11th Sunday in Ordinary
Time
Cycle B
June 14, 2015 4:00pm, 9:30am and 11:00am
Saint
Margaret Parish, Bel Air
Résumé Virtues and Eulogy Virtues
This
past week, I came across a column that was in The New York Times in April. I think it really has something to say to us.
Columnist
David Brooks writes that from his experience, he sees two sets of virtues. He calls these: “the résumé virtues” and “the
eulogy virtues.”
The résumé
virtues are the skills we bring to the marketplace. The eulogy virtues are the traits that are
talked about at our funeral.
The résumé
virtues are things like technological and management skills. They also include academic degrees and job titles.
All of
these have a place in our lives. We need
them to make a living and to make a contribution to our world and for our own
fulfillment.
But columnist
David Brooks says that our culture focuses so much on these résumé virtues that
we often forget the eulogy virtues. Our years
can pass by and the deepest parts of us can go undeveloped.
We may
be much clearer on how to build an external career than on how to build inner
character. And so, we need to be
attentive to these eulogy virtues.
These
include patience with others and faithfulness to our life commitments when that
is easy and when that is difficult. The
eulogy virtues include honesty in our work situations and truthfulness in our
relationships.
They
include care for those in need and an effort to understand the perspective of
others who are different from us. The idea
is that we have to be alert and work at these eulogy virtues.
David
Brooks says it so well: good people, he says, “are made, not born.” His
idea is that we achieve inner character and virtue by the day-in, day-out,
year-in, year-out stuff we do with family, friends, employers, employees,
clients, customers, neighbors and people we do not even know.
Why We Have Mass
I think
that remembering and working at these eulogy virtues is at least one reason why
God told us to “keep holy the Sabbath
day.”
It is
one reason why we are to come to Mass on Sunday. It is like what Jesus says in that first
parable in today’s gospel about the growth of the seed.
He is
teaching that it is God’s power at work that fosters our personal and spiritual
growth to happen. So, here at Mass the
Word of God refreshes us in these eulogy virtues.
It also
deepens us in what they mean for our life situation. And then the Eucharist nourishes the growth
of these virtues within us.
The Smallest…The Largest
The
last thing I want to say is that all of this doesn’t happen overnight.
It
takes time for us to emerge as a person of character, of inner depth, the kind
of person Jesus calls us to be. Again,
it is like what Jesus says in the second parable of today’s gospel.
The
smallest of seeds, the mustard seed, ends up becoming the largest of plants.
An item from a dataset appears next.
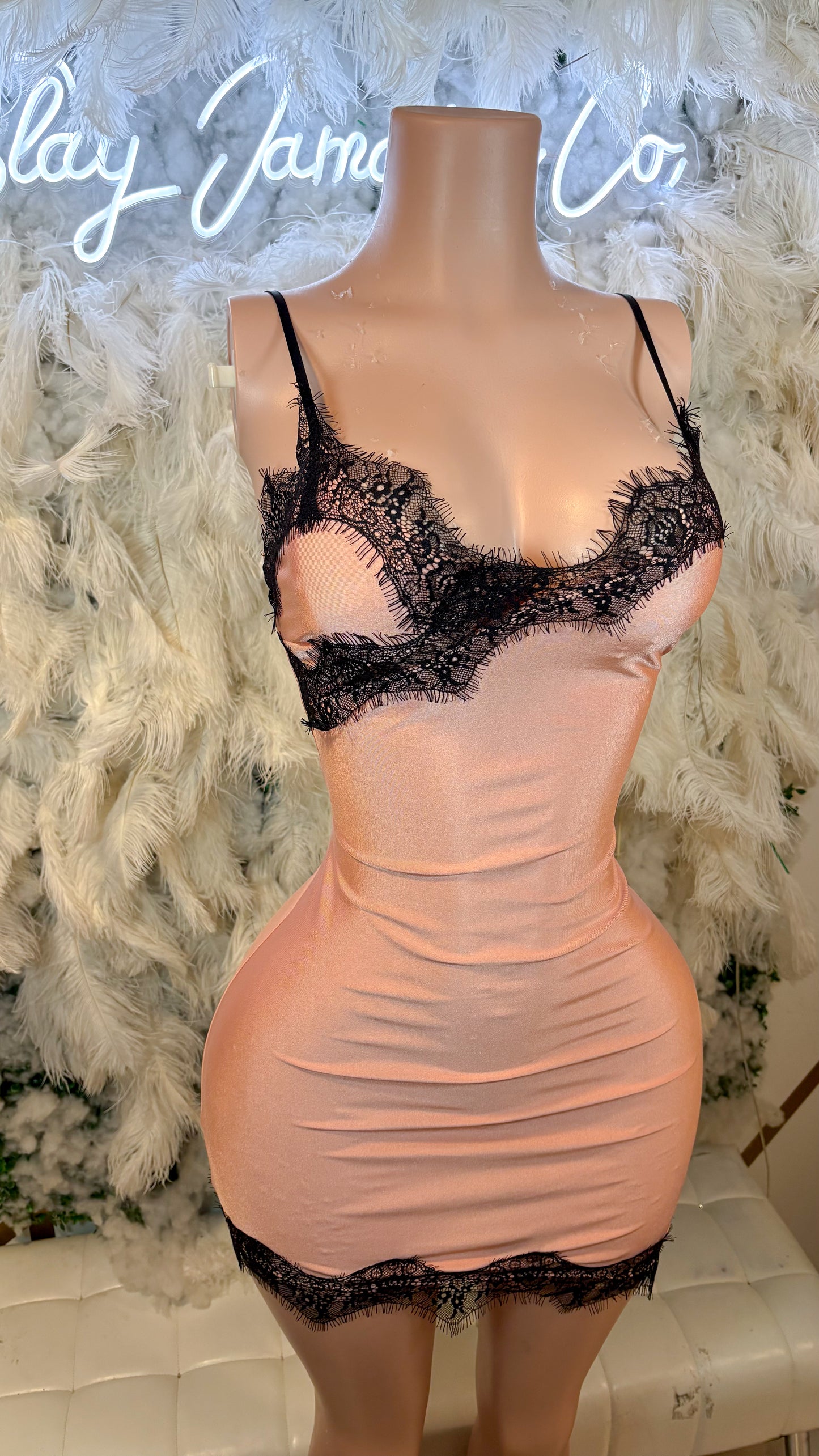 READY TO SHIP Date Night Mini Lace Dress -Peach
So, maybe a lot of things we do seem small
and insignificant.
Maybe
we don’t think about their value and what they are doing to us. But, taken together and over the long haul of
life, they mount up.
From
all the things that we say and do, by working at these eulogy virtues, we
emerge as persons of character and inner depth.
We become the whole or holy persons that Jesus calls us to be.